Talent has never been the problem with Ellis. Even in his worst times — he made a total of one basket in five games over a three-week stretch in February — people in the KU program maintained he would be a terrific college player. They just didn’t know if it would be this year.

They didn’t know if he would be ready. They didn’t know if their pushing did any good.

“I tell him every day: ‘Dunk everything,’” senior Kevin Young says. “And it finally got to him.”

That’s oversimplifying things, of course. There are a thousand reasons Ellis played — by far — his best game at Kansas on Friday. Young hurt his calf and only played 10 minutes. Iowa State isn’t great defensively, and focused on McLemore and the perimeter. The Cyclones played behind Ellis, which allowed him to catch and attack. That’s always been a big part of his game.

But there is something to the simple answer, too. Ellis was more aggressive. Before this, he never took more than nine shots. On Friday, he made 10 of 12. Dunking more in one game than he had all season has to mean something.

“That’s what he can do,” Self says. “He played great, but the plays he made are plays I think he can consistently make if he just stays aggressive and stays confident.”

And that’s the part that makes this so important. The part that makes this the night that may have changed KU’s season. Ellis didn’t get lucky on Friday. Didn’t make shots you can’t expect him to make. Didn’t cash some lottery ticket.

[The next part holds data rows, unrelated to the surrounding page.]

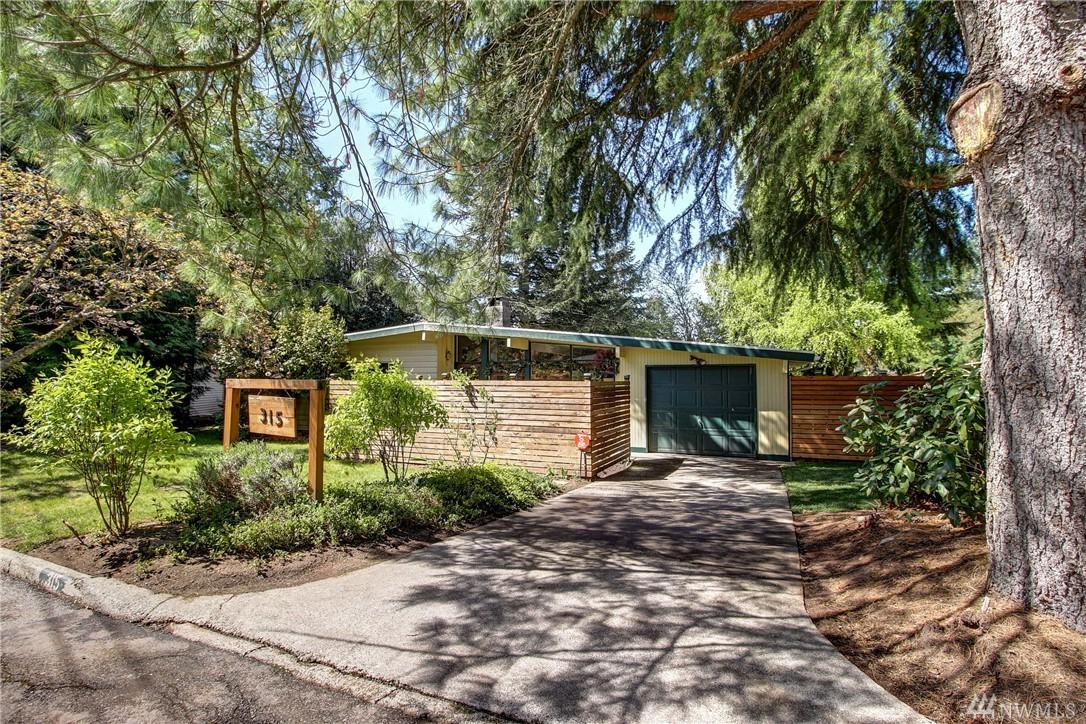 315 161st Ave - Photo 1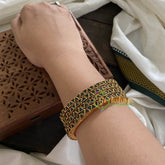 Single Line Kundan Bangle-Triangle -GREEN-OPAQUE-g3651
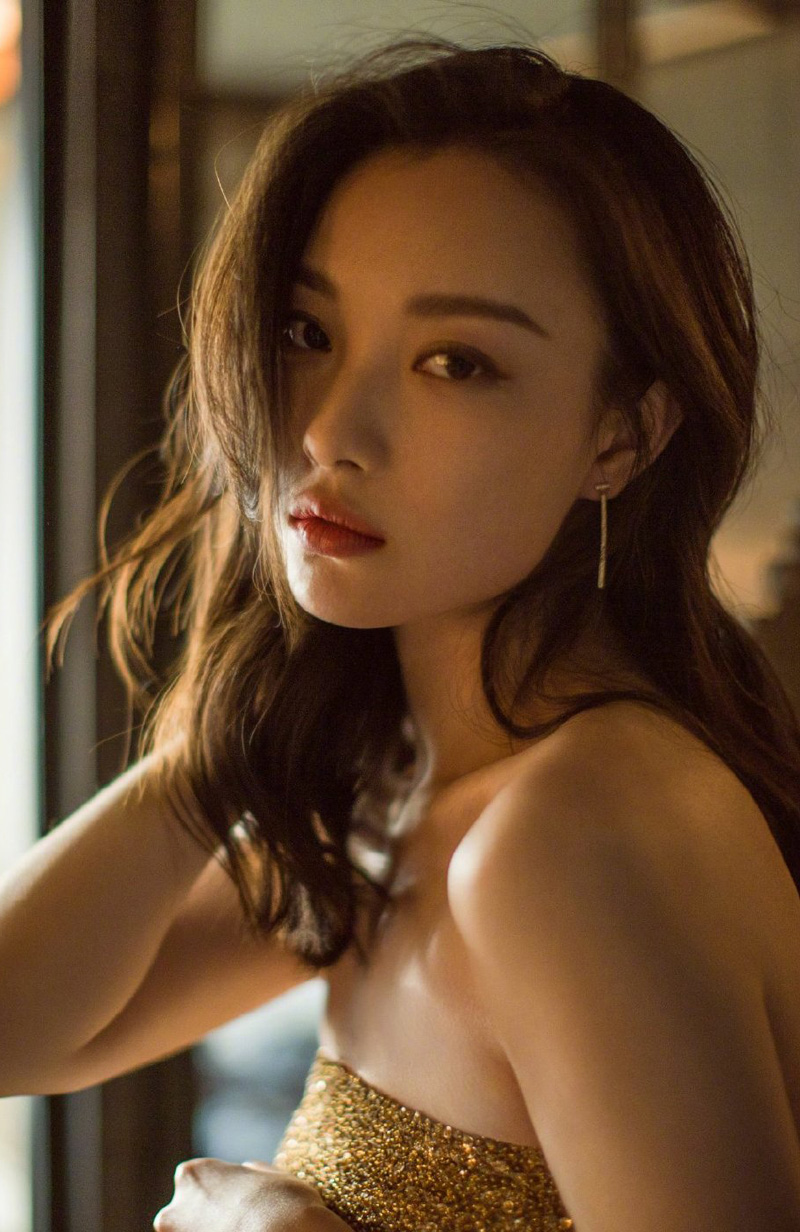 倪妮妩媚风情活动写真图片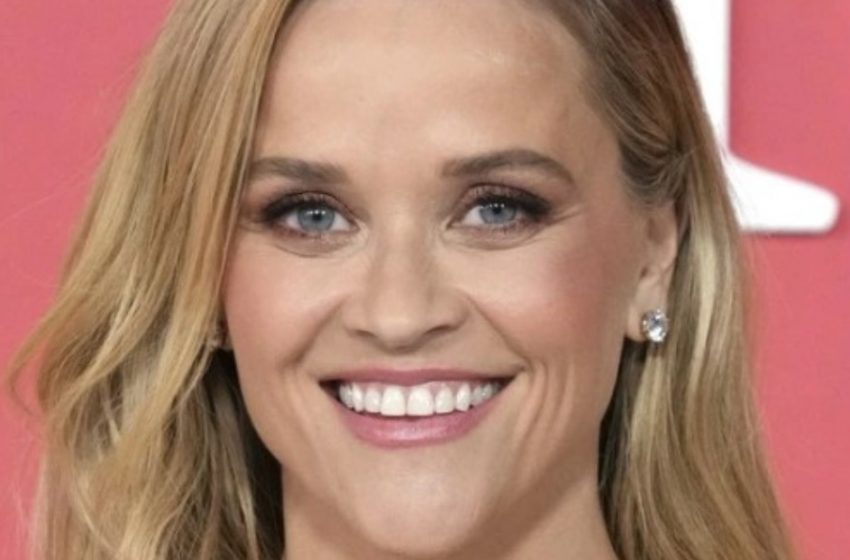  Reese Witherspoon trug im Urlaub einen heißen schwarzen Badeanzug und offenbarte ein überraschendes Detail: Nur wenige bemerkten es!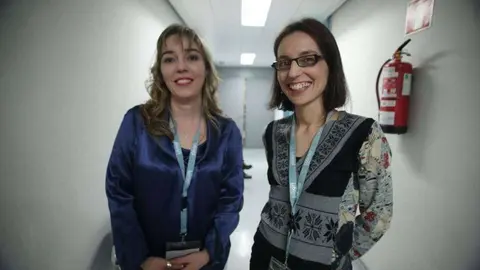 Las oftalmólogas Yerena Muiños y Alicia Galindo.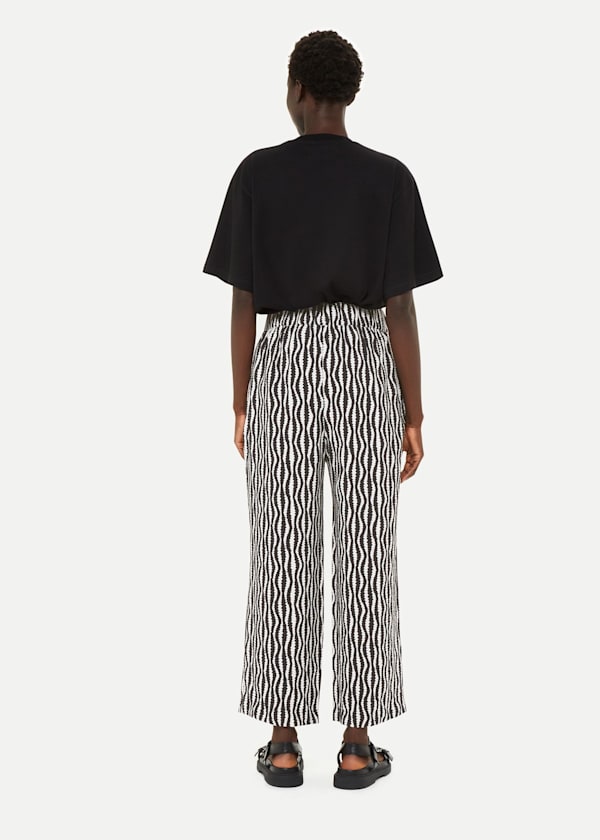 Black Optical Rope Cropped Pants 
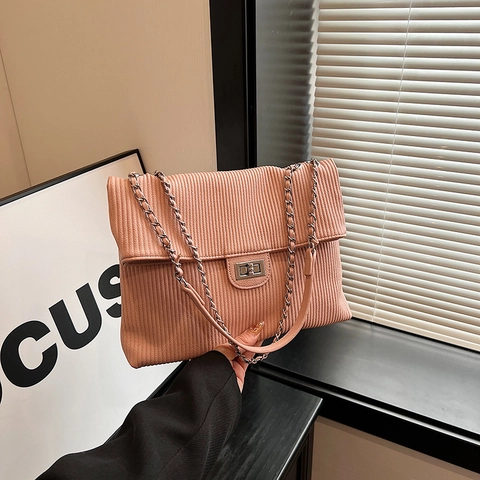 Women Pleated PU Leather Shoulder Bag Metal Turn-Lock Chain Strap Flap Large Capacity Casual Urban Crossbody Handbag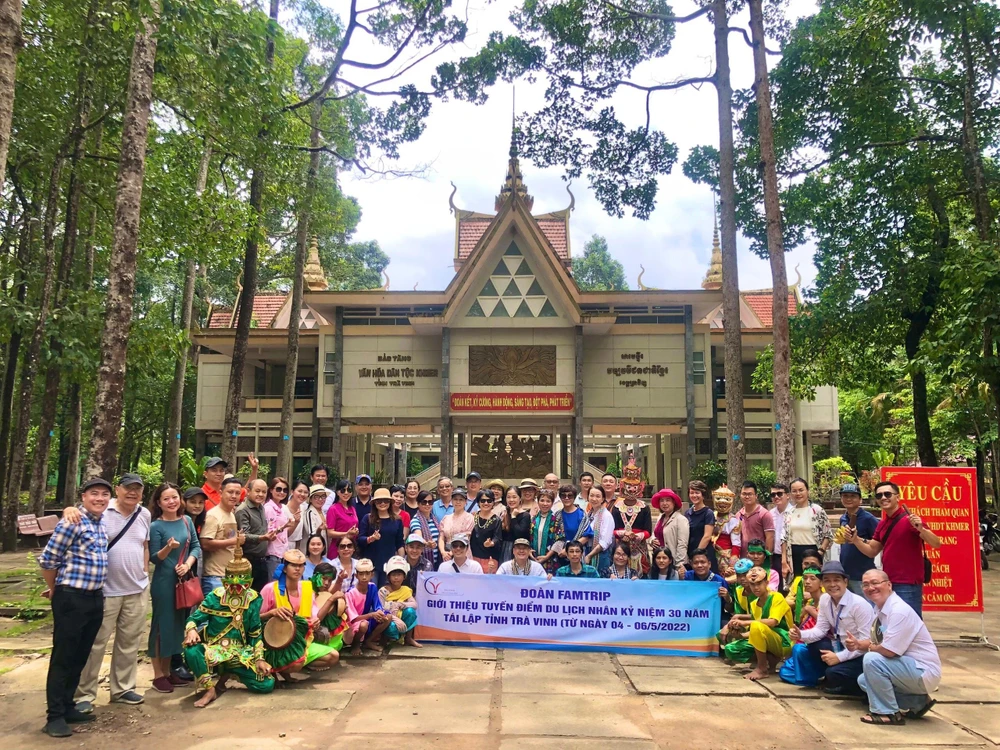 Đoàn du khách đến tham quan, tìm hiểu du lịch Trà Vinh. Ảnh: HD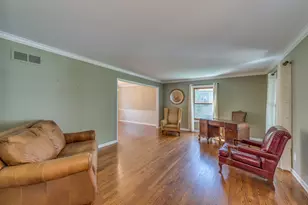 424 S Forest Ave, Batavia, IL 60510 - Photo 5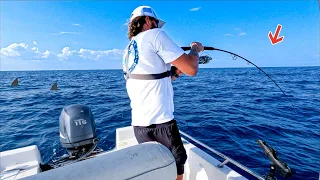 Fishing 100' DEEP In 19' Bay Boat For Dinner! *Catch Clean Cook*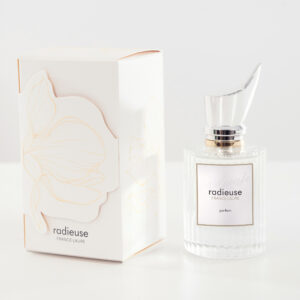 Bouteille en verre épais de 50 ml du parfum Radieuse de France Laure avec son bouchon argenté.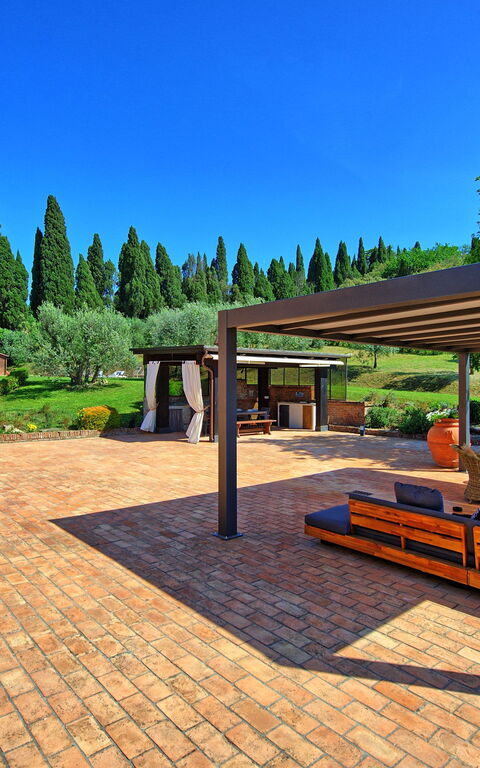 Villa Nora: Balkon / terras / patio, Buitenshuis, Tuin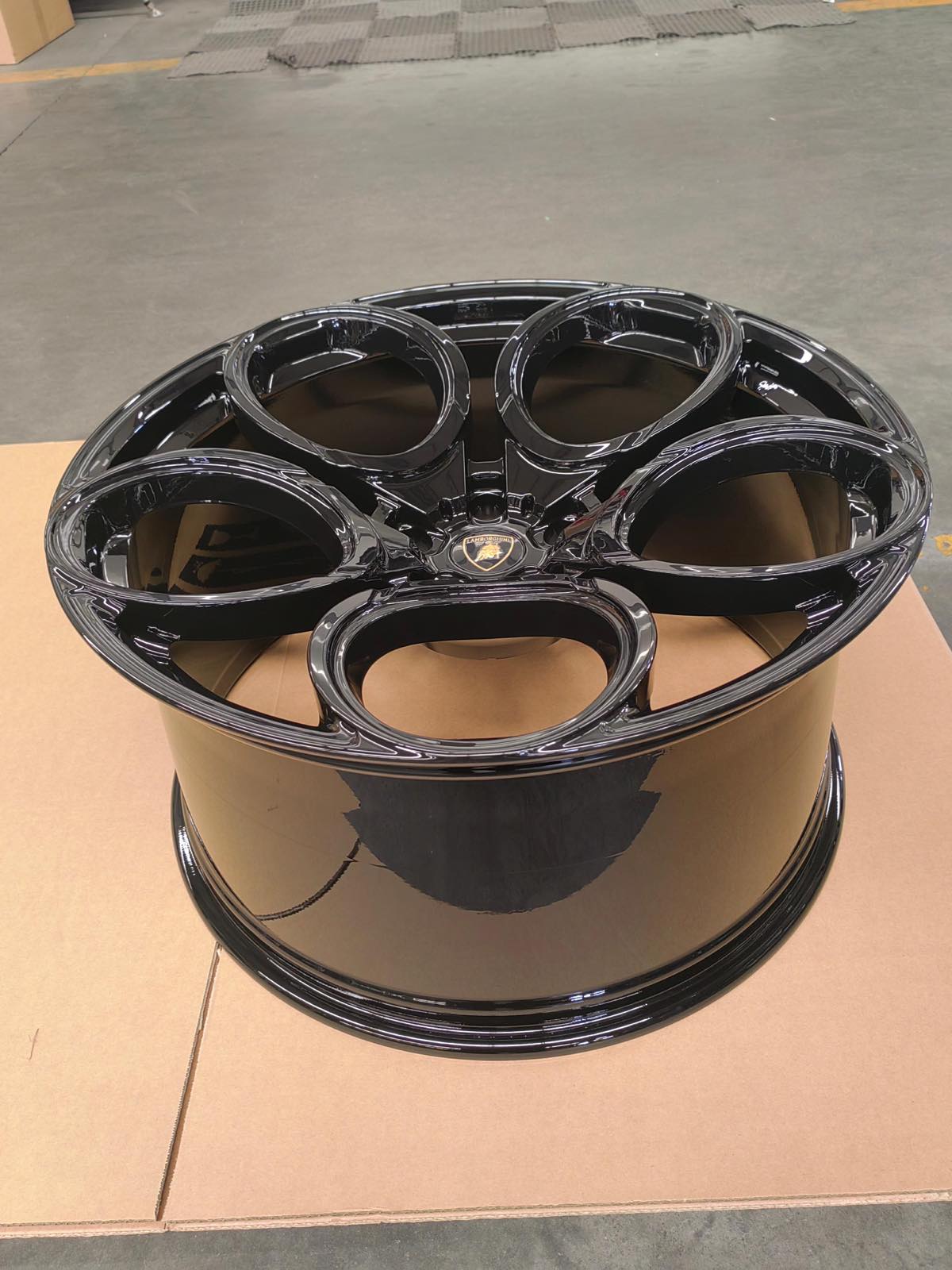 Lamborghini URUS forged wheels set 23" 5x130 deep concave (in stock) - Image 14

It will be harder for Ellis going forward now. McLemore scored 33 in the first Iowa State game, so the Cyclones shut him down in the second. Elijah Johnson scored 39 in the second Iowa State game, so the Cyclones harassed him in the third. Even on short notice, you have to figure Kansas State will adjust its scouting report to slow KU’s new emerging star.

But this was always what’s possible for Ellis. The day he signed with KU, Self compared him to Wayne Simien. Ellis was a program-changer, a versatile and powerful player with a chance to have his jersey in the rafters someday. Before Friday night, many in and around the program thought they’d have to wait until next year to see it.

That’s all changed now, and so might the next three weeks.